Los gobiernos nacionalistas (que lo fueron todos: tradicionalistas, liberales, dictatoriales, democráticos, totalitarios…) llevaron a cabo una propaganda sin límites de la nación: símbolos (bandera, escudo, himno), monumentos a las glorias nacionales (de la política, de la milicia, de la cultura), espectáculos (desfiles y paradas, discursos, teatro, la misma actividad política), los medios de comunicación... Pero una de las estrategias que dio más resultado fue el hecho de encuadrar a toda la población del estado en unas instituciones de asistencia obligatoria durante la infancia (la escuela) y la primera juventud (el servicio militar). Fueron eficaces vehículos para arraigar el conjunto de creencias que caracteriza a cualquier nacionalismo, y todavía lo son hoy, en los tardo-nacionalismos del siglo XXI.

Pues bien, la obra que presentamos obedece a este esfuerzo nacionalizador. Destinada y dedicada a los niños españoles, quiere ser un «verdadero Libro de la Patria: él os enseñará lo que es nuestra tierra, lo que son los españoles, lo que es el alma española, lo que es España.» El autor recorre una a una las regiones y provincias españolas, enhebrando en cada una de ellas descripciones de tierras y gentes, datos objetivos, monumentos y personajes célebres, historias y leyendas. Es una obra de divulgación, y si puede parecer escasamente adaptada a unos lectores infantiles (a pesar de las abundantes invocaciones a los niños a los que se destina), podemos recordar que también Rafael Altamira destinó su extensa Historia de España y de la civilización española, entre otros, a la «gran masa escolar».

La obra de Cejador resulta interesante. Si dejamos un tanto de lado los quizás repetitivos propósitos nacionalizadores, nos quedamos con un abundante compendio de la cultura e historia española, aunque un tanto desequilibrado, escrito a la ligera y a la vez con cierta tendencia a lo erudito. Puede resultar satisfactorio compararlo con otras obras de parecidas pretensiones, como Corazón, de Edmundo de Amicis, y El alma de España, de Havelock Ellis.
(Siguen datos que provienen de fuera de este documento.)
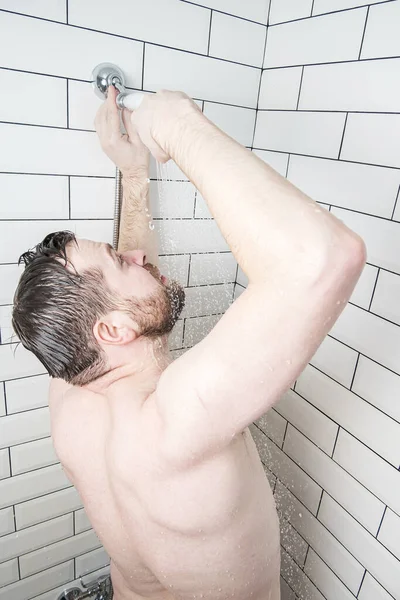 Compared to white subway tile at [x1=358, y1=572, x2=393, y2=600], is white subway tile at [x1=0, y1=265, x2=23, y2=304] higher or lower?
white subway tile at [x1=0, y1=265, x2=23, y2=304]

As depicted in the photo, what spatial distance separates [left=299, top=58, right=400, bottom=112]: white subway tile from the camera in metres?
0.90

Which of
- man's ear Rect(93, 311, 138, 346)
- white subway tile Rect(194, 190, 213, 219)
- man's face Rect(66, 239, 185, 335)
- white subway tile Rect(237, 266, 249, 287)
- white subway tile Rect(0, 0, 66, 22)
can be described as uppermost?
white subway tile Rect(0, 0, 66, 22)

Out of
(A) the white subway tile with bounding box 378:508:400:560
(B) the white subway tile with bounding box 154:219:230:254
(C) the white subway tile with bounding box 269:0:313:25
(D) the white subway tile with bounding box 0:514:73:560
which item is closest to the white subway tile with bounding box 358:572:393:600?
(A) the white subway tile with bounding box 378:508:400:560

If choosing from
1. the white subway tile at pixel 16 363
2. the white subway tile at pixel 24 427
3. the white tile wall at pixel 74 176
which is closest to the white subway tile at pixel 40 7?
the white tile wall at pixel 74 176

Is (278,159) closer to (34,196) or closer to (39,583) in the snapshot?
(34,196)

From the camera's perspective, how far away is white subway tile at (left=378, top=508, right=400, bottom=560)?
0.99m

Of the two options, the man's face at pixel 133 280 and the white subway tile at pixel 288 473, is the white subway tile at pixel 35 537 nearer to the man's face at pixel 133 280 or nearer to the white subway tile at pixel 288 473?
the white subway tile at pixel 288 473

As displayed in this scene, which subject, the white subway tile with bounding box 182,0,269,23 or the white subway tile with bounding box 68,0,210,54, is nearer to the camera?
the white subway tile with bounding box 68,0,210,54

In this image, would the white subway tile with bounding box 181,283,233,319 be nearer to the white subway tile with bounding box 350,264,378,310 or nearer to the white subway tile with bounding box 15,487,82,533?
the white subway tile with bounding box 350,264,378,310

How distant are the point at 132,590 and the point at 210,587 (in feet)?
0.95

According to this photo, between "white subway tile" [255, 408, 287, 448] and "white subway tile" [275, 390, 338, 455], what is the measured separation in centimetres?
3

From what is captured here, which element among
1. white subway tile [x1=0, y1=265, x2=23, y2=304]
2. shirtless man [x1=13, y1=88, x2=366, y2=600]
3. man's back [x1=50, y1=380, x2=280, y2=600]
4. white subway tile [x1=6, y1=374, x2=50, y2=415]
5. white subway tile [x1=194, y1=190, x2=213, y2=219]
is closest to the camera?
shirtless man [x1=13, y1=88, x2=366, y2=600]

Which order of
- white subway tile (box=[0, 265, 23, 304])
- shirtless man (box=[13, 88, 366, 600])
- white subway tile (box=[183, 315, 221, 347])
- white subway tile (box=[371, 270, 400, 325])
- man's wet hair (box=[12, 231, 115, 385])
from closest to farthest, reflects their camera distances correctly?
shirtless man (box=[13, 88, 366, 600])
man's wet hair (box=[12, 231, 115, 385])
white subway tile (box=[371, 270, 400, 325])
white subway tile (box=[0, 265, 23, 304])
white subway tile (box=[183, 315, 221, 347])

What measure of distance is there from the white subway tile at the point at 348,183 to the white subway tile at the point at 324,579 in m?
0.96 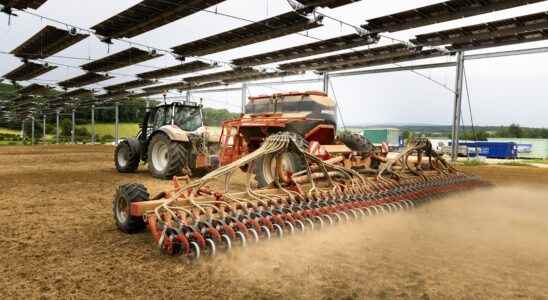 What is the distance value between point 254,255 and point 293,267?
0.41 m

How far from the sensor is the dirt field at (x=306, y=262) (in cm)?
292

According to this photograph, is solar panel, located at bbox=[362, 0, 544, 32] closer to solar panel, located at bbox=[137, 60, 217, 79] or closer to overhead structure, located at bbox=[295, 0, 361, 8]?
overhead structure, located at bbox=[295, 0, 361, 8]

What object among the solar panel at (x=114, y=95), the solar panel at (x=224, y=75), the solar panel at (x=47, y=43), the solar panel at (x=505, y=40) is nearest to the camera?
the solar panel at (x=47, y=43)

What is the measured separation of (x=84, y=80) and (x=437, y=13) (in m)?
16.8

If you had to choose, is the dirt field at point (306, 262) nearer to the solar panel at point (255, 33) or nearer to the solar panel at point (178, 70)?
the solar panel at point (255, 33)

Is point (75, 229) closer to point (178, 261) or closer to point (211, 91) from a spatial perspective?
point (178, 261)

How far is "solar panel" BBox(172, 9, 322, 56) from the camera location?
9859mm

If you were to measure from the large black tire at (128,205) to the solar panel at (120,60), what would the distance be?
9.75 metres

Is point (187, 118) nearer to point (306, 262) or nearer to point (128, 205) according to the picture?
point (128, 205)

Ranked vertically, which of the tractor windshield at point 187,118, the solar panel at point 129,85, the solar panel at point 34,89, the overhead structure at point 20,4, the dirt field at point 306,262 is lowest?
the dirt field at point 306,262

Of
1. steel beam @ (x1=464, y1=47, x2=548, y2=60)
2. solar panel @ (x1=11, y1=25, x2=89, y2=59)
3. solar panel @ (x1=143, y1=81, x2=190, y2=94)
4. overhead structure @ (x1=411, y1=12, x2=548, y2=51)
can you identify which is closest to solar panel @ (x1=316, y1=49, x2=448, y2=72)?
steel beam @ (x1=464, y1=47, x2=548, y2=60)

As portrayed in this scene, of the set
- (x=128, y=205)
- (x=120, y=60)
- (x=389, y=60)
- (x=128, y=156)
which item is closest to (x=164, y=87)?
(x=120, y=60)

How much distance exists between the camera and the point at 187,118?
33.6ft

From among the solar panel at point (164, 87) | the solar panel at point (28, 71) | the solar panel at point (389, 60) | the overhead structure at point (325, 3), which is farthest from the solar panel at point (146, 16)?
the solar panel at point (164, 87) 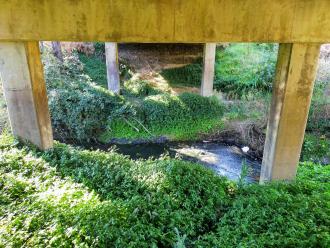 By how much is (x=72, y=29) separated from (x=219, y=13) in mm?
2957

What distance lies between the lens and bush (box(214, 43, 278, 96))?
56.4ft

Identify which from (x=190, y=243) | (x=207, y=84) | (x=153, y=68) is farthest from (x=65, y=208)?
(x=153, y=68)

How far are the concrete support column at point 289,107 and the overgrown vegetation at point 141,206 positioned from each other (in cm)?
58

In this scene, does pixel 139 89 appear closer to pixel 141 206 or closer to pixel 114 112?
pixel 114 112

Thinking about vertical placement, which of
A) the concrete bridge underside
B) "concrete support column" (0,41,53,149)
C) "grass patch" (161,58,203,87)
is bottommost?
"grass patch" (161,58,203,87)

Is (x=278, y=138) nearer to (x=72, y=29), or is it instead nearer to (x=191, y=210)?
(x=191, y=210)

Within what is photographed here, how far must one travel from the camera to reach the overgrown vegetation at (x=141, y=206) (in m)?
4.43

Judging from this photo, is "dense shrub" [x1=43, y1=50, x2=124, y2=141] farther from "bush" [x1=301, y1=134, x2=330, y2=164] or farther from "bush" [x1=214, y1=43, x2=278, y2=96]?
"bush" [x1=301, y1=134, x2=330, y2=164]

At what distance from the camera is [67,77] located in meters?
14.3

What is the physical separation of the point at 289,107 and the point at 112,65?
1175cm

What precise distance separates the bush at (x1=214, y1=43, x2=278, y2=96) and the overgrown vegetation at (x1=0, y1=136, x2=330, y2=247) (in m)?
11.5

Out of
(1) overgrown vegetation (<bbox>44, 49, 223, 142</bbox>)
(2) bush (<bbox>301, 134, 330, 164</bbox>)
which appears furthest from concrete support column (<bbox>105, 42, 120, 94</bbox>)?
(2) bush (<bbox>301, 134, 330, 164</bbox>)

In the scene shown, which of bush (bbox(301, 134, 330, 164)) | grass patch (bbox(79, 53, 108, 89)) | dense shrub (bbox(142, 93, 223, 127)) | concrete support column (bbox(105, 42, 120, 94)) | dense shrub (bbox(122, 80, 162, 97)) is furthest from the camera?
grass patch (bbox(79, 53, 108, 89))

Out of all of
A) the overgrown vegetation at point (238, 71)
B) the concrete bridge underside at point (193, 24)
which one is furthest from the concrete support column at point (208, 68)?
the concrete bridge underside at point (193, 24) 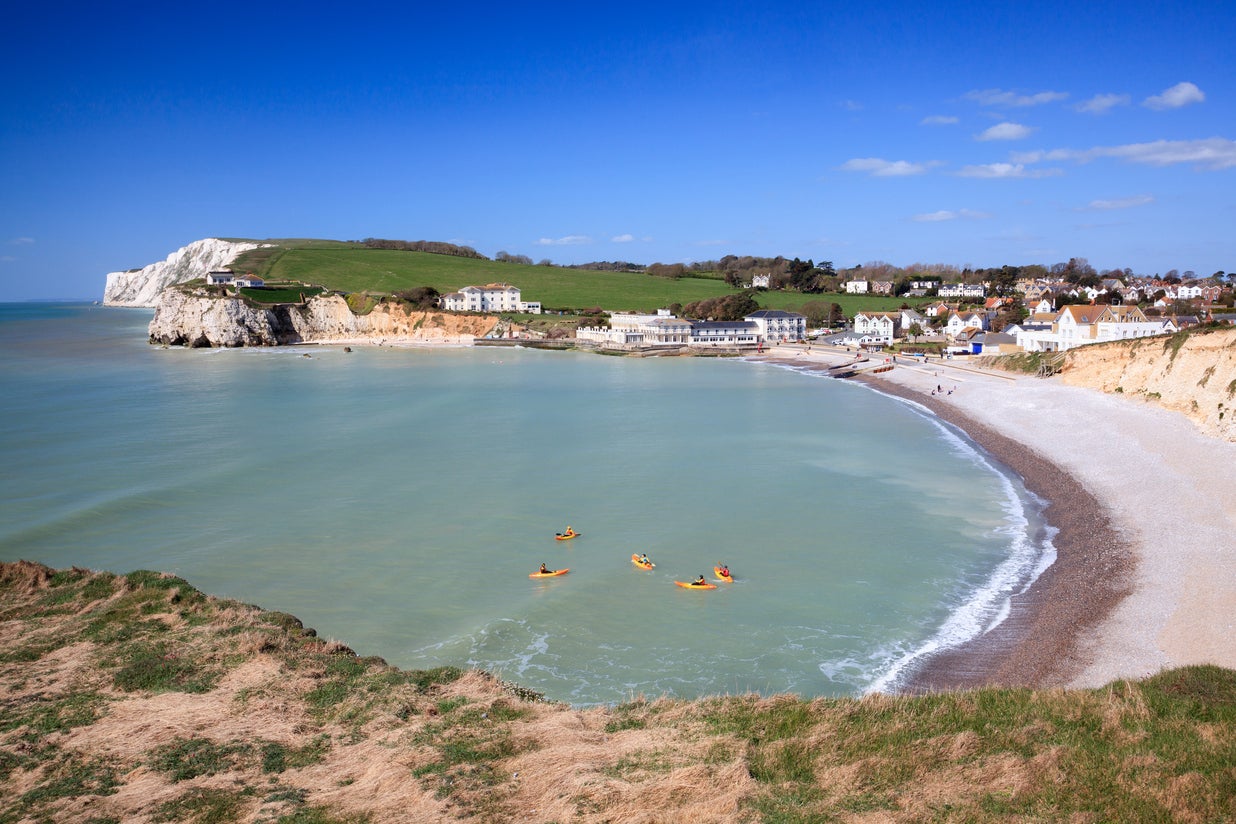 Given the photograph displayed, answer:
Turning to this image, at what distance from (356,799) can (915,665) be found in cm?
932

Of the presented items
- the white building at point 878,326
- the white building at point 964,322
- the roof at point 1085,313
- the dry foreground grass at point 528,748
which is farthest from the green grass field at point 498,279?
the dry foreground grass at point 528,748

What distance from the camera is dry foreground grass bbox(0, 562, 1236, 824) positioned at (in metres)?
6.93

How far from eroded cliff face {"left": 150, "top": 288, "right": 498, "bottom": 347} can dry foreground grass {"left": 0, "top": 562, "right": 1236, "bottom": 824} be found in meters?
79.3

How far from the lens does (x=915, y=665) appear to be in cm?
1261

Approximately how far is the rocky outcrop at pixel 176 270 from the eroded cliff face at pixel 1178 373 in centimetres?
13009

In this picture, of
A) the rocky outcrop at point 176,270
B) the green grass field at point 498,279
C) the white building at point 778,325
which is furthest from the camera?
the rocky outcrop at point 176,270

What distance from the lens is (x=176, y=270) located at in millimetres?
163375

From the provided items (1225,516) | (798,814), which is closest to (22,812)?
(798,814)

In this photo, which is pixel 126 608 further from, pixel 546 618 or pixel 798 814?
pixel 798 814

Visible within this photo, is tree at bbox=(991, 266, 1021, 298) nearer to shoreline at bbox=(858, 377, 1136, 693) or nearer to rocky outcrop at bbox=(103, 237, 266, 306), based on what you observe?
shoreline at bbox=(858, 377, 1136, 693)

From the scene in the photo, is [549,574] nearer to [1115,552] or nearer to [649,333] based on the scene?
[1115,552]

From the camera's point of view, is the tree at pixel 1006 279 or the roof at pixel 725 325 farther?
the tree at pixel 1006 279

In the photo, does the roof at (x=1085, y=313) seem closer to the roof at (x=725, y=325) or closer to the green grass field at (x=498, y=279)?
the roof at (x=725, y=325)

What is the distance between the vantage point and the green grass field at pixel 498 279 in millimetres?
104750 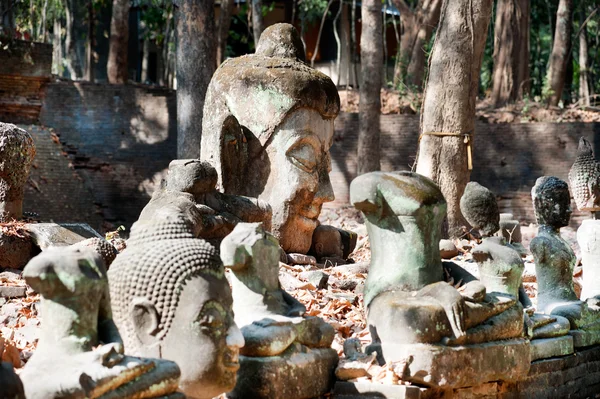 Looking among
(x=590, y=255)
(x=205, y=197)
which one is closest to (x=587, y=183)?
(x=590, y=255)

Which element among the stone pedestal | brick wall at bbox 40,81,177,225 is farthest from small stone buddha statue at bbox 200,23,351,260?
brick wall at bbox 40,81,177,225

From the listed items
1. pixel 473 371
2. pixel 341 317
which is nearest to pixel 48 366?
pixel 473 371

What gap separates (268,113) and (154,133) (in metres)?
11.0

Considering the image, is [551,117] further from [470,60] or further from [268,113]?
[268,113]

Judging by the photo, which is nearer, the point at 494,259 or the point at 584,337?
the point at 494,259

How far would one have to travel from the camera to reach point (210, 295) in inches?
169

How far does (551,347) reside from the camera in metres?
6.41

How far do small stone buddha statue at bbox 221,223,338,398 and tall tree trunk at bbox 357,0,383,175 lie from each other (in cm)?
1072

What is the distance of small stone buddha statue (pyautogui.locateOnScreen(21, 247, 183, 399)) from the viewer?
3.72m

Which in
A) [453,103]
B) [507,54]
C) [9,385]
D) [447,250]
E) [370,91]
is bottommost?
[9,385]

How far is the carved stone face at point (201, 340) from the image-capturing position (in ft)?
13.9

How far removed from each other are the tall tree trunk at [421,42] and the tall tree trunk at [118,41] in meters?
5.69

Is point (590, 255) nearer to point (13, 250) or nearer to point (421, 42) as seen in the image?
point (13, 250)

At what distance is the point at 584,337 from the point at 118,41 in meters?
14.9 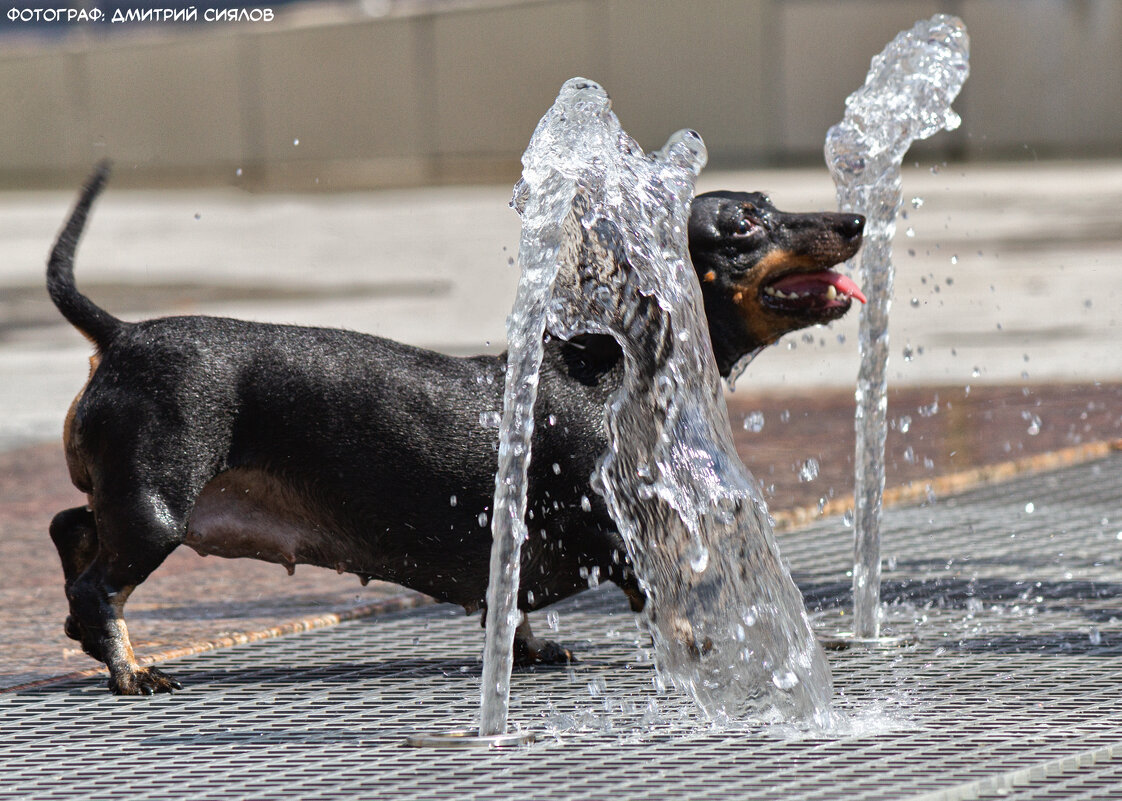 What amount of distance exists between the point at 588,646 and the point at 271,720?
3.43 feet

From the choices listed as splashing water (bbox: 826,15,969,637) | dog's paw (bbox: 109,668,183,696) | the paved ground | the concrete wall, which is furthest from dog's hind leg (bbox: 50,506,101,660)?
the concrete wall

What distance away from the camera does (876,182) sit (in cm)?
517

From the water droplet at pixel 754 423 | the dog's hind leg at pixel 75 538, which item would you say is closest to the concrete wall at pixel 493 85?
the water droplet at pixel 754 423

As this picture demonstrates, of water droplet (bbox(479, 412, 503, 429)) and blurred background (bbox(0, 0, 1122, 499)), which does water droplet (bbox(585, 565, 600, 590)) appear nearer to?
water droplet (bbox(479, 412, 503, 429))

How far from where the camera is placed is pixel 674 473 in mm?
4262

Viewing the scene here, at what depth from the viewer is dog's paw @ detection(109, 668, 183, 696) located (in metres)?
4.28

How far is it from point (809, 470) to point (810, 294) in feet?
9.12

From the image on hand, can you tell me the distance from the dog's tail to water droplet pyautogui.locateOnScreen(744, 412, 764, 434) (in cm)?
409

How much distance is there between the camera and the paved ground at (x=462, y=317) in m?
5.77

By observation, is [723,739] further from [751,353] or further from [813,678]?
[751,353]

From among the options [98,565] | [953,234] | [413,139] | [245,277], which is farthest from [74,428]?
[413,139]

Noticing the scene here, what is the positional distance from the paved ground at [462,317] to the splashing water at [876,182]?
4.76ft

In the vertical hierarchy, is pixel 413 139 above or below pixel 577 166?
below

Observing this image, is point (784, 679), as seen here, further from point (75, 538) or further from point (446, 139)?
point (446, 139) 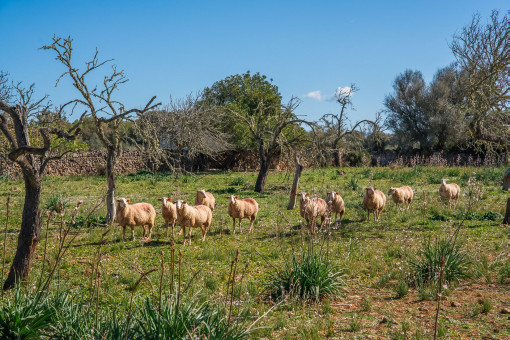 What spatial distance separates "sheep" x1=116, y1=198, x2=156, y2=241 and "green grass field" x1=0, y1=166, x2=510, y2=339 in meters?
0.56

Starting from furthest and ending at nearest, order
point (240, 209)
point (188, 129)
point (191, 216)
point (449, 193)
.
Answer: point (188, 129) → point (449, 193) → point (240, 209) → point (191, 216)

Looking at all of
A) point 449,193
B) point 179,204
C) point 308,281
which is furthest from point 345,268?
point 449,193

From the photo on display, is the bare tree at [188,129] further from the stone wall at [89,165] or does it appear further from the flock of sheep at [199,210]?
the flock of sheep at [199,210]

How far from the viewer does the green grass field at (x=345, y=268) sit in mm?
5449

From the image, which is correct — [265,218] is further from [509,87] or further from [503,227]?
[509,87]

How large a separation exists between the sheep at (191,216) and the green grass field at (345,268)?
511 millimetres

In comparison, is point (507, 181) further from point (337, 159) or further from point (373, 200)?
point (337, 159)

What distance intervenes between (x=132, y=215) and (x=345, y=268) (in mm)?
6508

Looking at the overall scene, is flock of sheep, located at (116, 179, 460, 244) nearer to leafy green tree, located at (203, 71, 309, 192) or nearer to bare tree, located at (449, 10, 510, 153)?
bare tree, located at (449, 10, 510, 153)

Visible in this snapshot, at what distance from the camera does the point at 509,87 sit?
41.7 feet

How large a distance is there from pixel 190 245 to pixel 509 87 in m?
11.5

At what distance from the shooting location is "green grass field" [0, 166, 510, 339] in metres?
5.45

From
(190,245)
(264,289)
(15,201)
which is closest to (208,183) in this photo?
(15,201)

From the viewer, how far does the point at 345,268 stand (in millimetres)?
7234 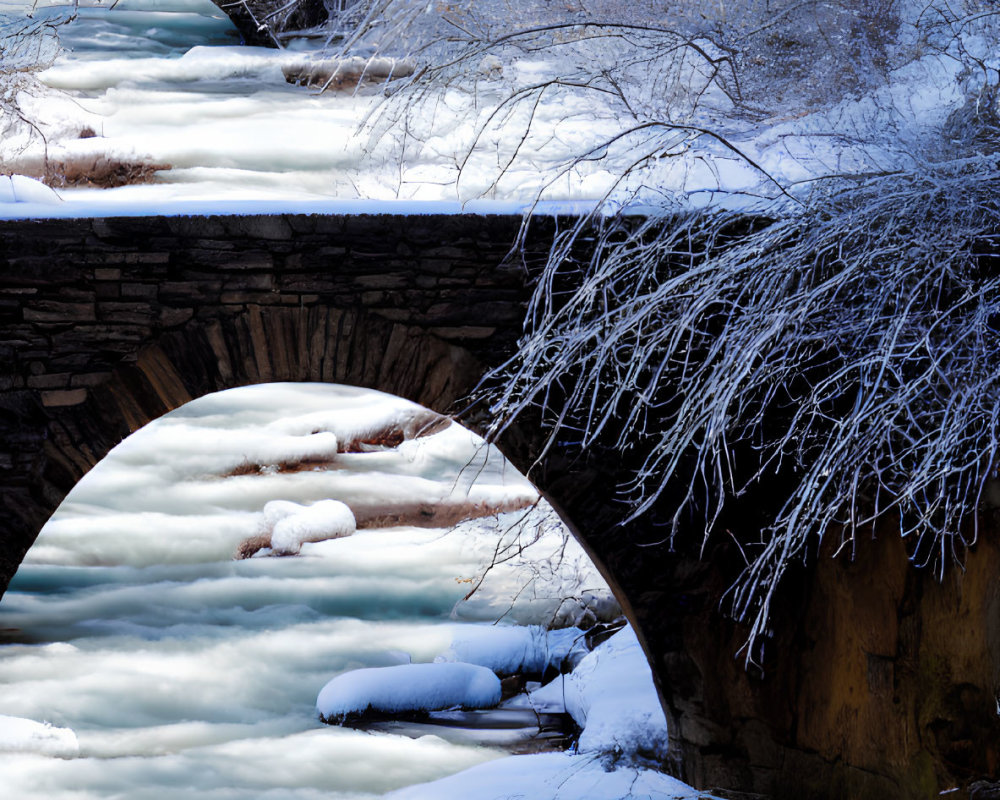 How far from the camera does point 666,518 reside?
3.74 meters

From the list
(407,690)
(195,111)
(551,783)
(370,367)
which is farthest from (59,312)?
(195,111)

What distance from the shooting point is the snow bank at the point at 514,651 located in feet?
20.7

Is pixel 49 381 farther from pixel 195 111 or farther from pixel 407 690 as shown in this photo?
pixel 195 111

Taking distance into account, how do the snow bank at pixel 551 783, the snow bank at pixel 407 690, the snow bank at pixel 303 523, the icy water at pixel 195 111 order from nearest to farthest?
the snow bank at pixel 551 783, the snow bank at pixel 407 690, the snow bank at pixel 303 523, the icy water at pixel 195 111

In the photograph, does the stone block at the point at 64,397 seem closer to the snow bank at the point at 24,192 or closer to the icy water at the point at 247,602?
the snow bank at the point at 24,192

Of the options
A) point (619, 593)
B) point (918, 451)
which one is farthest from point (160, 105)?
point (918, 451)

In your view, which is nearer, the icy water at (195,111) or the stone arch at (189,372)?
the stone arch at (189,372)

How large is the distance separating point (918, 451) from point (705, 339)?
765 mm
El filólogo zaragozano Julio Cejador y Frauca (1864-1927) fue catedrático en la Universidad Central de Madrid y desarrolló una ingente labor investigadora, con obras todavía hoy válidas como los catorce volúmenes de su Historia de la lengua y literatura castellana (1915-1922), La lengua de Cervantes (1905-1906), y otras muchas. Destacó sobre todo en el campo de la lexicografía. Sus planteamientos vasco-iberistas, en cambio, han sido justamente olvidados.

José Luis Melero, tras repasar su vida y su obra (especialmente las contadas obras de ficción que escribió) en un breve estudio, lo caracteriza así: «En Tierra y alma española, libro pensado para los niños y a ellos dedicado, en el que hace un recorrido cultural y sentimental por las distintas tierras de España, Julio Cejador escribió que el aragonés jamás es servil, aunque ello perjudique a sus intereses; que es amigo de la igualdad de todos en libertades y derechos; que es franco, a pesar de los graves problemas que acarrea el manifestar la verdad; que es independiente y digno y que no se rebaja ante nadie, aun a riesgo de pasar por brusco y testarudo; y que estas elevadas cualidades, que se cifran en la independencia y en la entereza, no se dan sin una elevada inteligencia, que predomina sobre la imaginación en el aragonés. ¿Quién no ve en tan atinado juicio el involuntario autorretrato de don Julio Cejador y Frauca?»